ZIMBABWE'S wildlife authority has moved more than 200 endangered black rhinos from a farm near its western border with Botswana to prevent poaching.

Zimbabwe is home to some of Africa's largest game reserves, but local conservationists say many species are at risk from rampant poaching by people struggling with hunger and rising poverty. Cross-border trophy hunters are also taking a toll.

Zimbabwe's Parks and Wildlife Management Authority says it has translocated over 200 black rhinos from a game farm in southwestern Matabeleland province to some protected conservancies in the area.

It said the animals would eventually be moved to the larger Gonarezhou National Park in the country's southeast.

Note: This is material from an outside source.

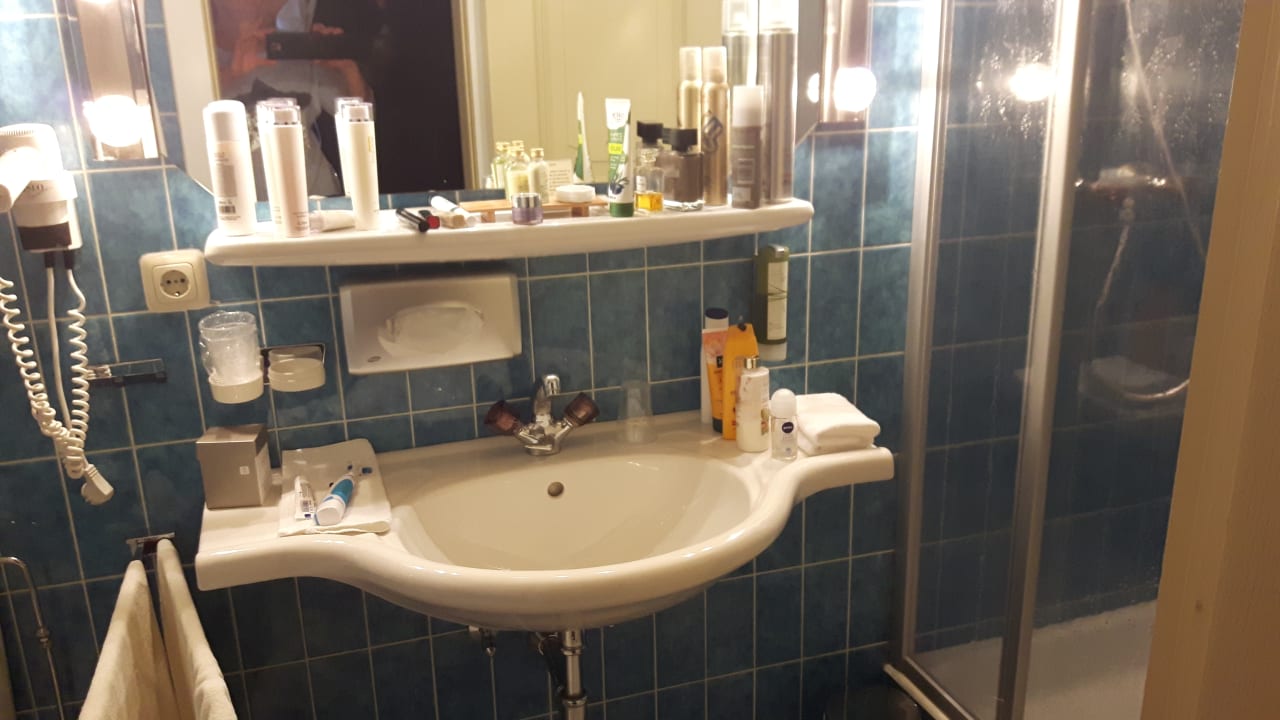 Zimmer Adler Inn Tyrol Mountain Resort superior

The decision to move the rhinos from the border areas came after the arrest of a poacher in Botswana who was selling a rhino horn from an animal killed in Zimbabwe and the discovery of two injured rhinos entangled in snare wires, it said.

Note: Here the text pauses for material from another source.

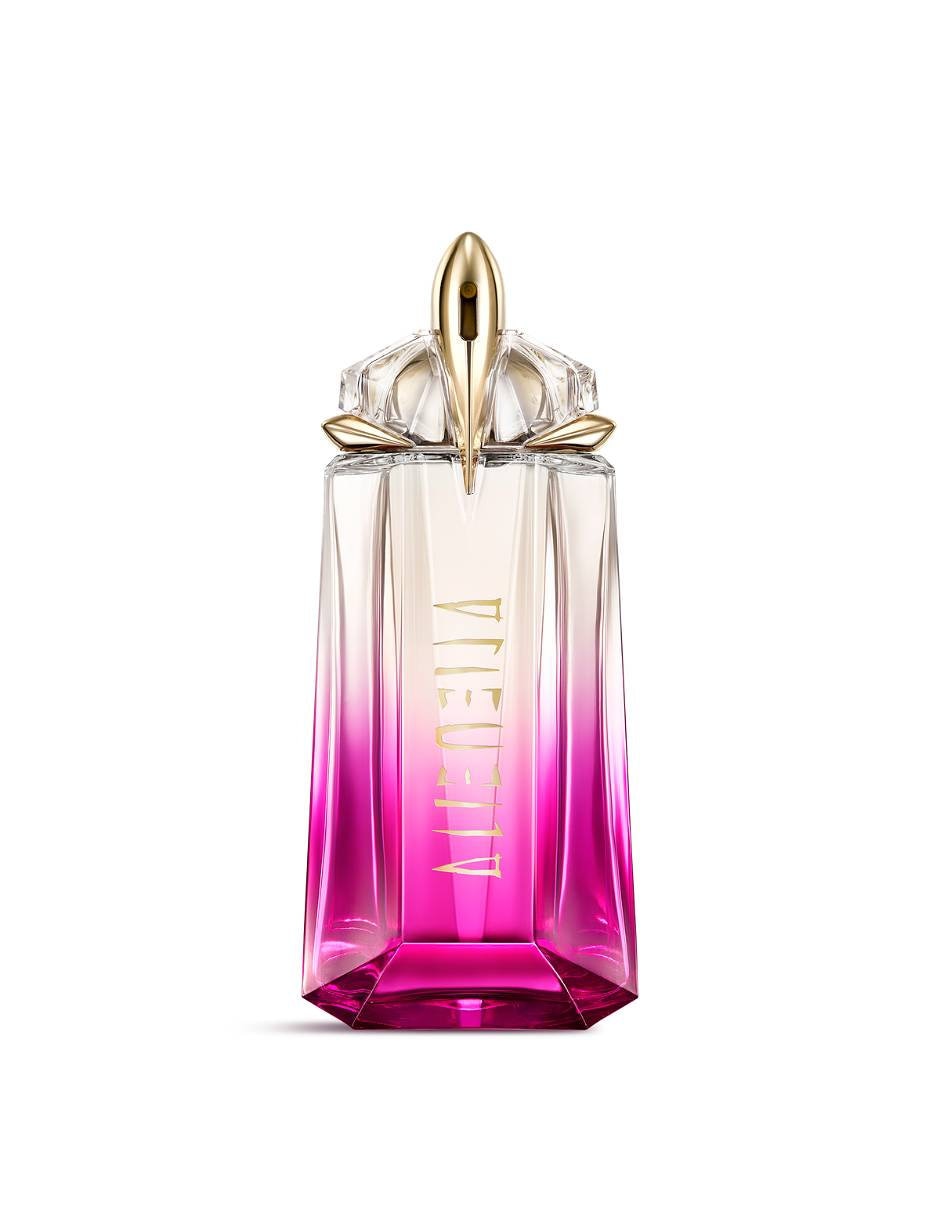 Eau de parfum Alien Pulp para mujer 1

Zimbabwe has an estimated 800 black rhinos left after poachers killed more than 1,500 in the 1980s.

Rampant poaching drove black rhino numbers across Africa down to about 2,400 in the mid-1990s from an estimated 65,000 just two decades before. Poachers typically hack off the horns and leave the carcasses.

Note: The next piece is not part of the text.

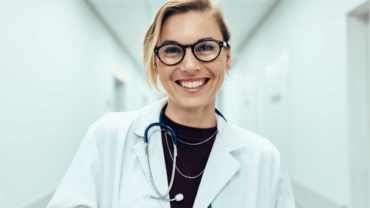 Your Brand as a Doctor: The Importance of Personal Branding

The animals have been on the rebound since and now number close to 3,600 but are still regarded as endangered.

National parks officials were not immediately available comment on the report.

But the permanent secretary for the Ministry of Environment and Tourism, Margaret Sangarwe, said the government had issued a directive for the endangered animals to be moved fast.

"There is urgent need to place them in areas where they can easily be monitored and are secured," she said.